For this exercise, copy exactly the lines below from the one with "a kitchen with" through the one with "YYHWHJDE Diseño mágico" and leave out the pictures.

◆ **Entries provided**:
***
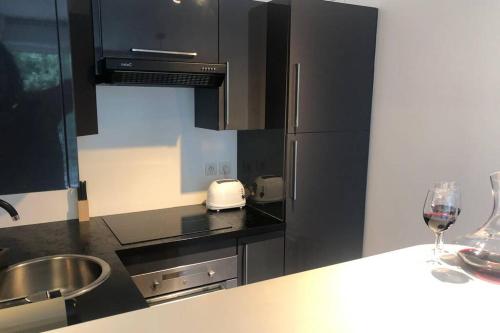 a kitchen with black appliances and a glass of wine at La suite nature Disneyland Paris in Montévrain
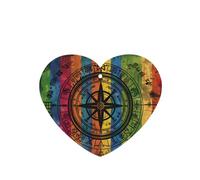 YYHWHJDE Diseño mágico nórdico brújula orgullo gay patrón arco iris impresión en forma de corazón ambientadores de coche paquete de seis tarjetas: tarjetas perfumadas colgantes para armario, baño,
***
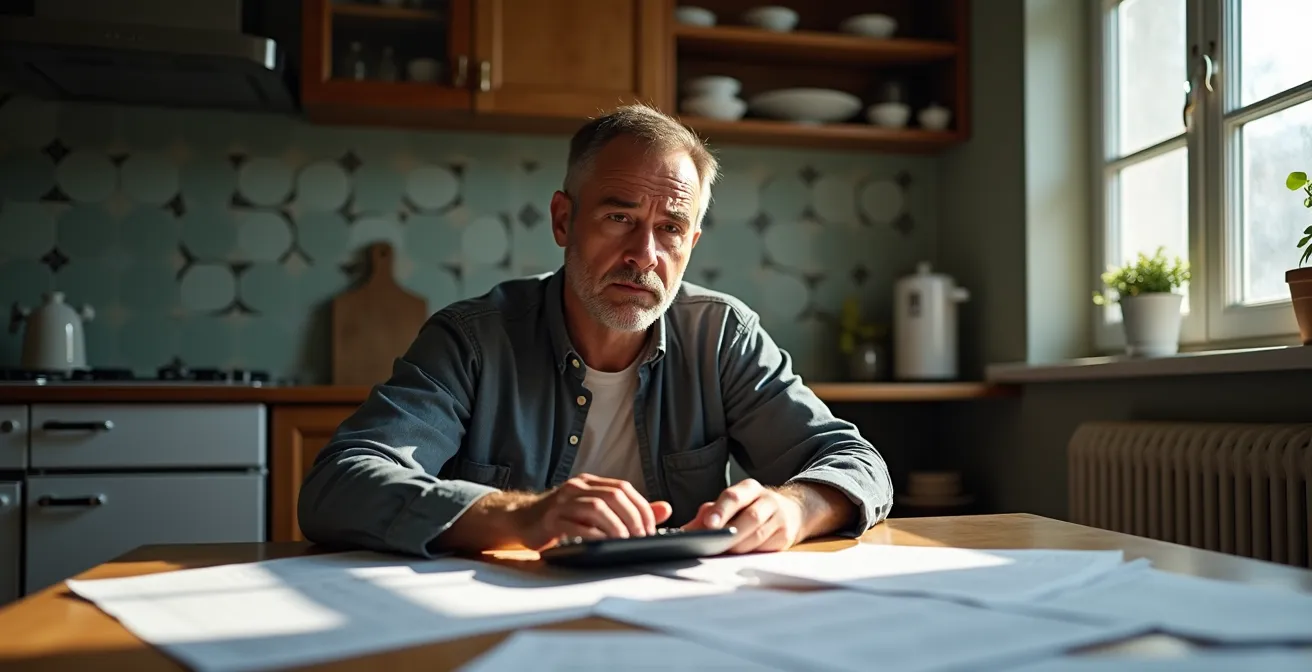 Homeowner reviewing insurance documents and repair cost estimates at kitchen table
***
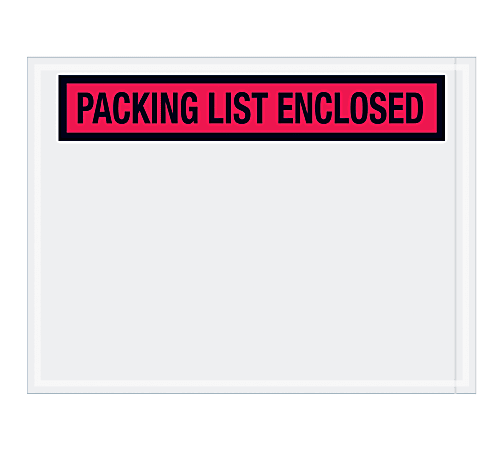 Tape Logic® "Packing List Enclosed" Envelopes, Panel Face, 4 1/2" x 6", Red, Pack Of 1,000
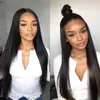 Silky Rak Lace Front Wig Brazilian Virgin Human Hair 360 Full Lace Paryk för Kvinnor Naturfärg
***
◆ **Your response**:
 a kitchen with black appliances and a glass of wine at La suite nature Disneyland Paris in Montévrain
 YYHWHJDE Diseño mágico nórdico brújula orgullo gay patrón arco iris impresión en forma de corazón ambientadores de coche paquete de seis tarjetas: tarjetas perfumadas colgantes para armario, baño,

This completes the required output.